Where You People excels is in the separate cultural moments within the Black and Jewish communities. The opening scene of Ezra and family at a Yom Kippur service and Amira with her father and brother at a smoothie shop provided some of the biggest laughs of the movie’s almost two hour run time. Barris and Hill could’ve added much more of them. I also believed in the romantic chemistry between Ezra and Amira. When I watched the trailer for the first time, I doubted whether Hill and London could pull it off, but they did. London, still just a few years past from losing her husband (the movie pays tribute to the late great Nipsey Hussle by having one of his songs in its soundtrack and making reference to his Marathon clothing brand), brings to Amira everything I liked about her as New New in ATL: a dimpled smile that can light up a room and a “take no mess” posture that can ward off any out-of-line lover or adversary. Not many out there can play an LA millennial Black women better. And Hill gives Ezra a disarming timidity and sly humor that makes you both laugh with him and want him to stick up for himself. Together, the odd couple fits. Because of this, You People is sure to be a crowd-pleaser for audiences either in the theater for a limited run or when it begins streaming on Netflix.

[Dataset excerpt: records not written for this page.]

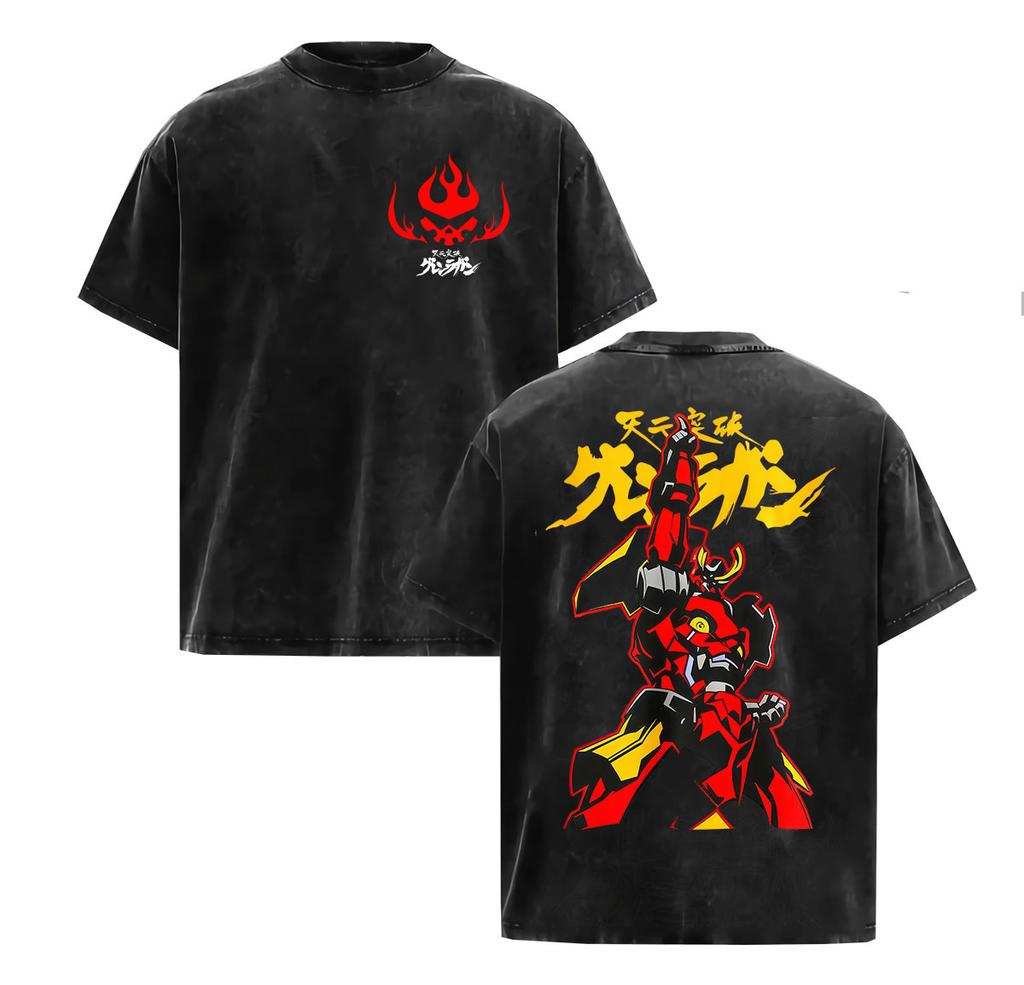 Vintage Washed Anime Tengen Toppa Gurren Lagann Graphic T Shirt Unisexs Oversized Harajuku Fashion Short Sleeve Tshirt Streetwear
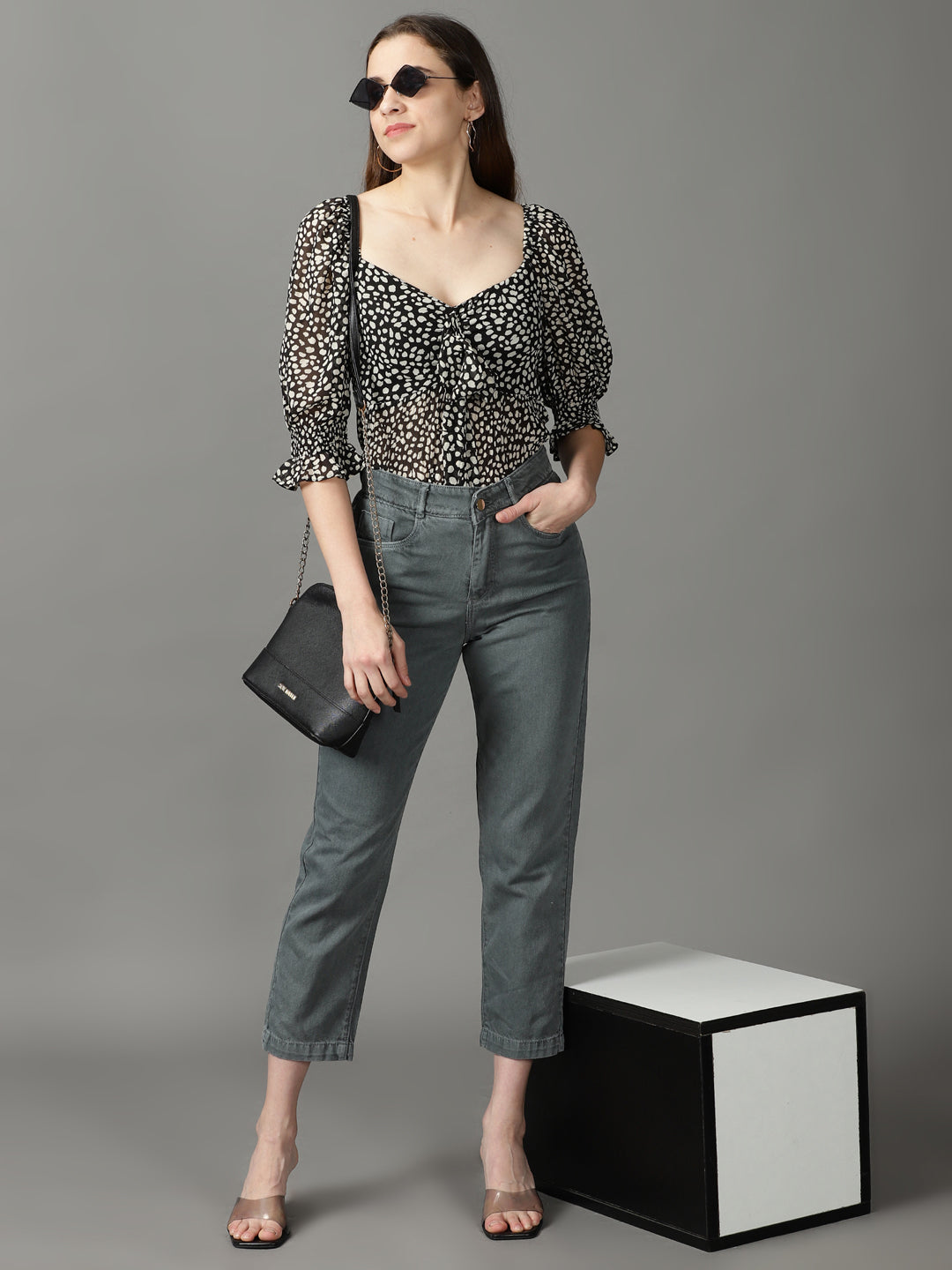 Women's Grey High-Rise Jeans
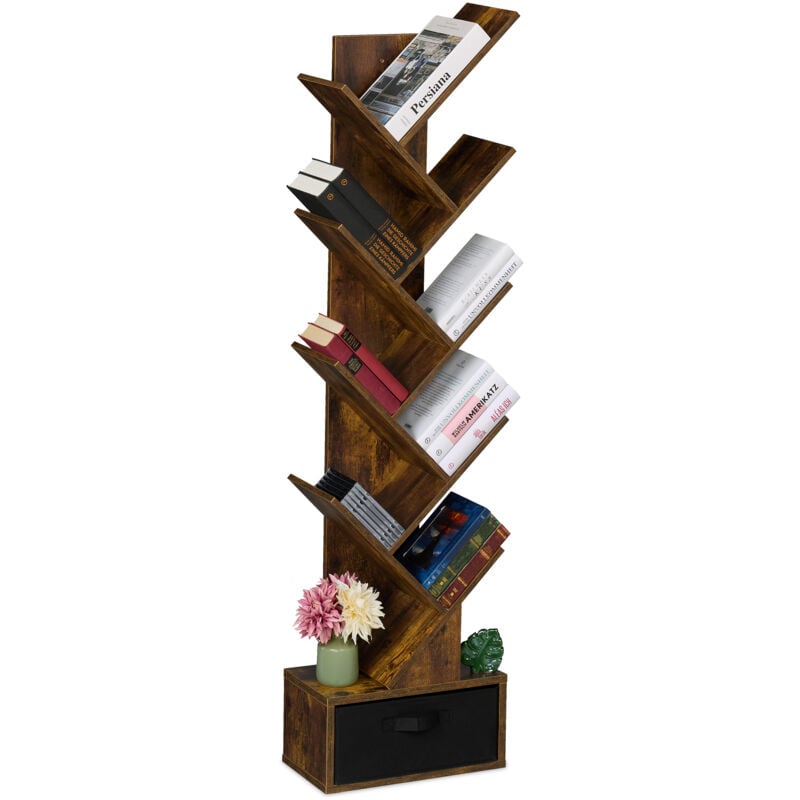 Petite bibliothèque prenant la forme d'un arbre, 9 branches, h x l x p : 146 x 38 x 22 cm, marron - Relaxdays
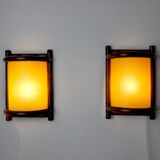 Pair of rattan wall lights France 1960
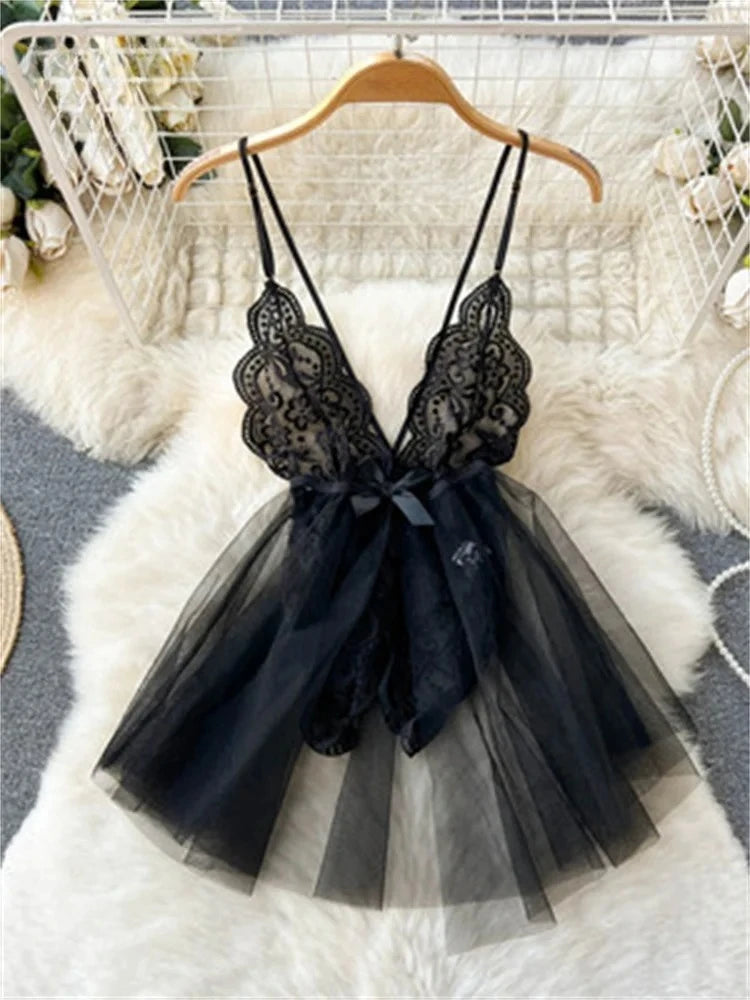 Women Sensual Lace Dress Women V-Neck Open crotch Slim Comfortable Dress Fashion Breathable Sheer Mesh Short Dress New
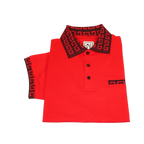 Men Sports Shirt DE - NIKO Short Sleeves Cotton Fashion Polo Shirt DBK109 Red - J.Valintin Men's Wear Legend - 99317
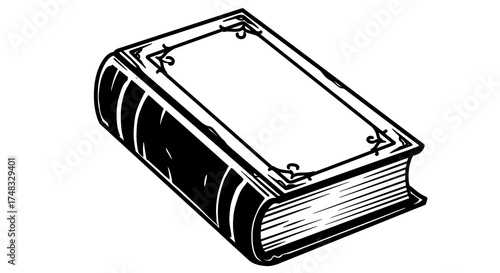 Vintage hardcover book with blank ornate frame in black and white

When Guess Who’s Coming to Dinner came out in 1967, American society was being held together only by tape and glue. Just four months after the movie’s release, James Earl Ray assassinated Martin Luther King Jr. in Memphis, forcing a one-liner with King as the punchline to be removed from most of the film’s screenings. Similarly, Peele’s Get Out followed a slew of Black people killed at the hands of police, from Michael Brown to Freddie Gray. You People comes after what felt to me like a 10-year-long few months of discourse™ about anti-Semitism via Kyrie Irving and Kanye West. I couldn’t stand any of it; why anyone would look to Irving or West for their thoughts on race and anti-Semitism is beyond me (for so many reasons I don’t even want to say). It drummed up much of the animus between Black and Jewish people that, as writer and critic Soraya McDonald perfectly outlined, is antithetical to the solidarity both aggrieved groups have shared throughout history, and only serves to sow the seeds of discord white supremacist fascists salivate over. This movie will be sure to rekindle flames of this tired debate with think pieces, Twitter debates, and vomit-inducing Anti-Defamation League campaigns. I’m already annoyed!
[Sidenote: Check out Soraya’s wonderful Substack! ]
You People also falls susceptible to some of the “and the moral of the story is…” pitfalls Barris’ Black-ish and its various spinoffs are known for. Good storytellers often do a great job of showing the audience rather than telling them. They trust that the audience can understand complexity as long as they show their work. There were too many moments where I thought Barris and Hill felt like they needed to hold our hand to get us where they wanted us to go.
These two gripes aside, You People is an amusing movie for the same reason Guess Who’s Coming to Dinner was a little over 56 years ago. It depicts a real dilemma, facing the world as an interracial couple, which even in 2023 must be difficult. In and of itself, interracial dating is no longer the radical statement some make it out to be every passing anniversary of the Loving v. Virginia decision; however, the combination of self-doubt, perceived (real or not) judgment from the outside world, and very real racism that plagues society at every level can’t make that type of relationship easy to navigate. But as Ezra and Amira try to show their families, as long as there’s a will to respect differences and truly understand the dark history of race and religion throughout human history, bonds that transcend both are possible.